▶ Data under study:
________

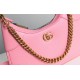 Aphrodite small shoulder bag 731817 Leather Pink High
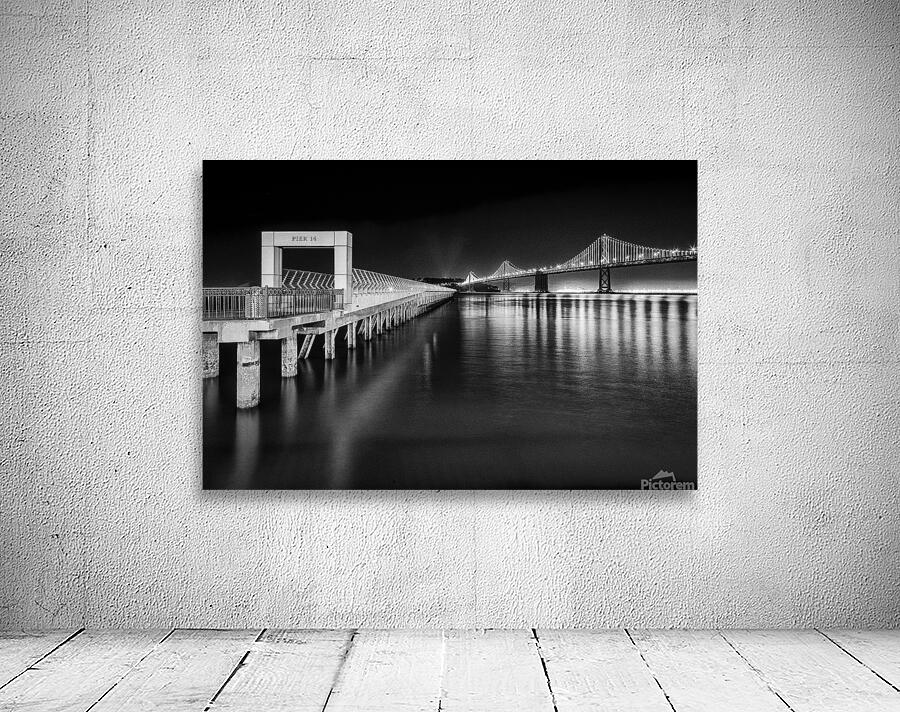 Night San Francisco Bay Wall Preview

________

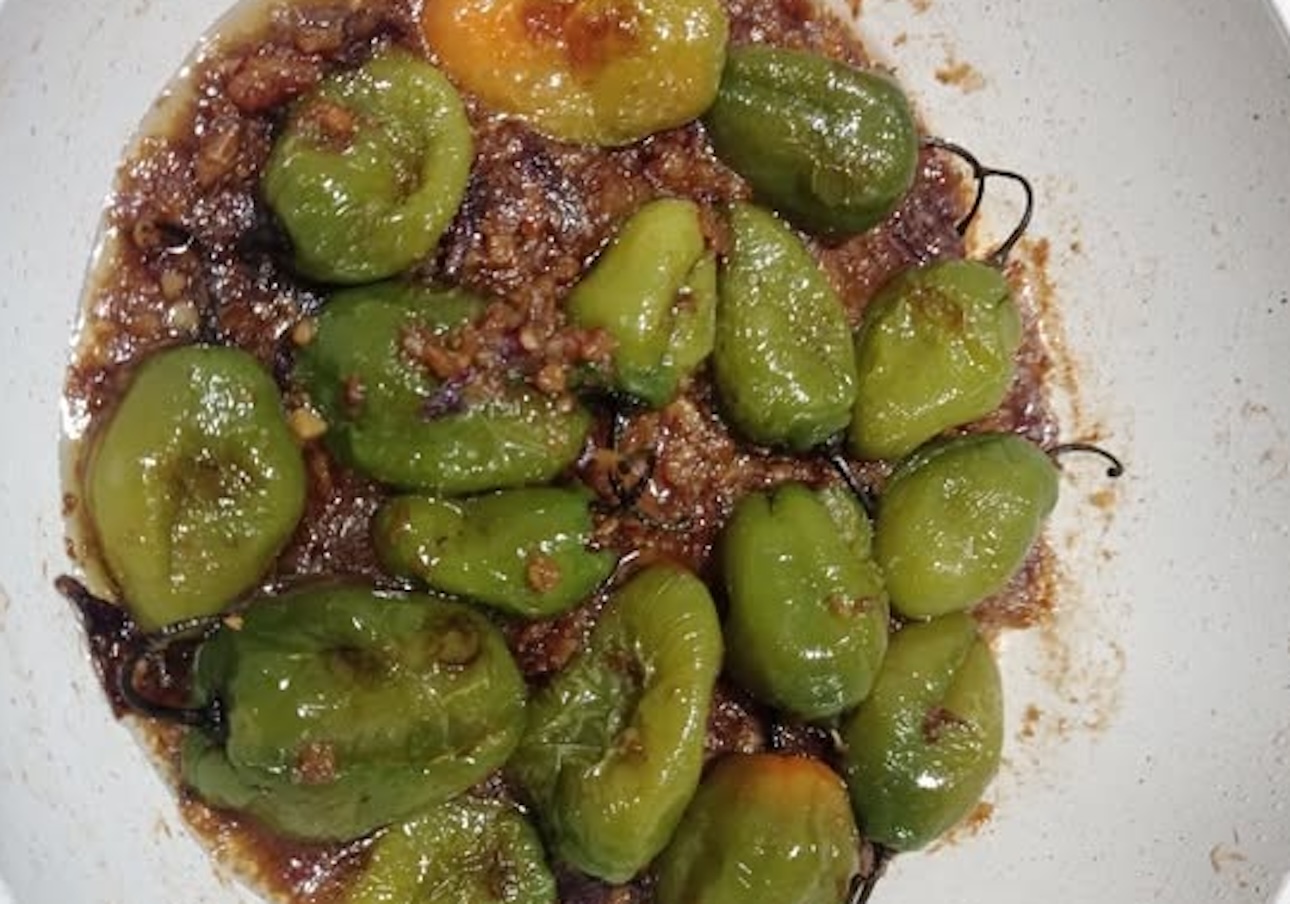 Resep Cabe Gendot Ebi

________

▶ What you need to do:
Within the listing above, the lines starting at the one containing "Aphrodite small shoulder" and ending at the one containing "Night San Francisco Bay Wall Preview" are to be returned exactly. Omit the pictures.

▶ Finished exercise:
 Aphrodite small shoulder bag 731817 Leather Pink High
 Night San Francisco Bay Wall Preview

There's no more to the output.